Sobre la paradoja del mentiroso, la ley de comunicación social, y la chanza como método de resistencia 

    La propaganda debe limitarse a un número pequeño de ideas y repetirlas incansablemente, presentarlas una y otra vez desde diferentes perspectivas, pero siempre convergiendo sobre el mismo concepto. Sin fisuras ni dudas. 

    Joseph Goebbels

    La Constitución cubana de 2019 recuerda la paradoja del mentiroso. El artículo 41 afirma: «El Estado cubano reconoce y garantiza a la persona el goce y el ejercicio irrenunciable, imprescriptible, indivisible, universal e interdependiente de los derechos humanos, en correspondencia con los principios de progresividad, igualdad y no discriminación. Su respeto y garantía es de obligatorio cumplimiento para todos». Ergo, la Constitución hace suyos íntegramente los derechos humanos. 

    Los mismos se encuentran listados en la Declaración Universal de los Derechos Humanos. Su artículo 20 reconoce el derecho a la libertad de opinión y expresión, y este se encuentra hermanado con la libertad de prensa. La libertad de opinión no es simplemente tener derecho a una, puesto que nadie puede evitar que tengamos nuestra propia opinión sobre las cosas, sino que consiste en la libertad de expresarla, darla a conocer, publicitarla si así nos place. 
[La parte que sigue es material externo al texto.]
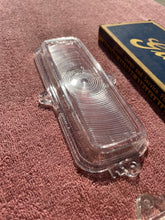 Load image into Gallery viewer, 1960-1966 Chevrolet Pickup Truck / 67-72 TILT NOS CLEAR Park Light Lamp Lens Pair #5950666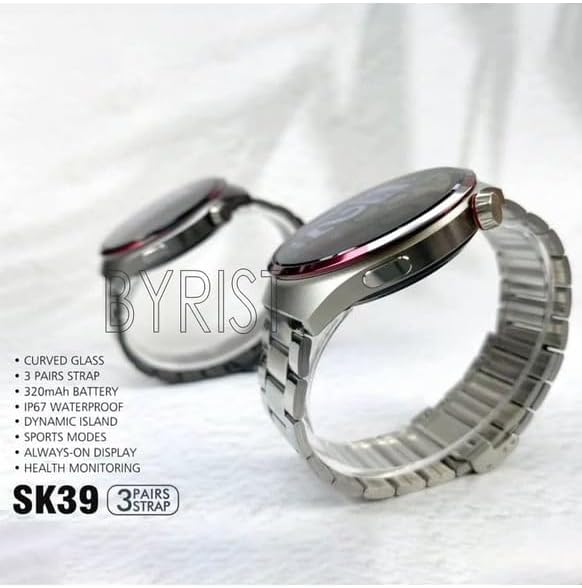 Kalobee Watch 4 PRO+ with metal strap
    Por su parte, el artículo 28 de la citada Declaración reza: «Toda persona tiene derecho a que se establezca un orden social e internacional en el que los derechos y libertades proclamados en esta Declaración se hagan plenamente efectivos». Y agrega el artículo 30, enlistado como uno más de esos derechos aunque su formulación sea negativa: «Nada en esta Declaración podrá interpretarse en el sentido de que confiere derecho alguno al Estado, a un grupo o a una persona, para emprender y desarrollar actividades o realizar actos tendientes a la supresión de cualquiera de los derechos y libertades proclamados».

    La redacción de tales derechos utiliza un lenguaje llano, sin ribetes ni resonancias, y el propio documento establece, como hemos visto, una suerte de cláusula contra autócratas que gustan de reinterpretaciones. Advierte: no te pases de listo, estos son los derechos humanos, y no valen malabares exegéticos.  

    Pero a nuestro Legislador nadie le dictará cómo interpretar…, para dictador él. Así que, en el artículo 45 de la Carta Magna reformada, se lee: «El ejercicio de los derechos de las personas solo está limitado por los derechos de los demás, la seguridad colectiva, el bienestar general, el respeto al orden público, a la Constitución y a las leyes». Es una versión constitucional de la paradoja del mentiroso: la idea siguiente es cierta (art. 41), la idea anterior es falsa (art. 45). 

    Si un Estado dice reconocer los derechos humanos de manera íntegra (41), que sería en sí mismo una afirmación con valor de verdad axiomático, nada podría destituir ese mandato constitucional. Salvo la propia Constitución al incluir un artículo pero (45). Sin embargo, al contener la propia Declaración Universal de Derechos Humanos, en su artículo 30, una perspicaz proscripción de reinterpretaciones que mengüen esos mismos derechos, el propio artículo 41 de la Constitución cubana invalidaría su artículo 45 como inconstitucional. Pero un artículo contenido en la Constitución no podría, por definición, ser inconstitucional. Y así nuestro legislador ha creado una paradoja que hubiese entretenido sobremanera las tardes de Eubulides de Mileto. 

    No es la única paradoja en un texto del cual el historiador cubano Eduardo Torres Cuevas dice: «Hemos llegado hasta aquí porque tenemos una historia constitucional brillante, con figuras trascendentales y grandes juristas». Entiendo que se trata de un giro sarcástico, al estilo de Voltaire cuando se burlaba del «orden establecido», porque no hay loa posible a semejante mojón legislativo —aquí léase «mojón» como señal que fija linderos y fronteras; en este caso, entre aquella historia brillante que subraya Torres Cuevas y el texto constitucional del 2019. 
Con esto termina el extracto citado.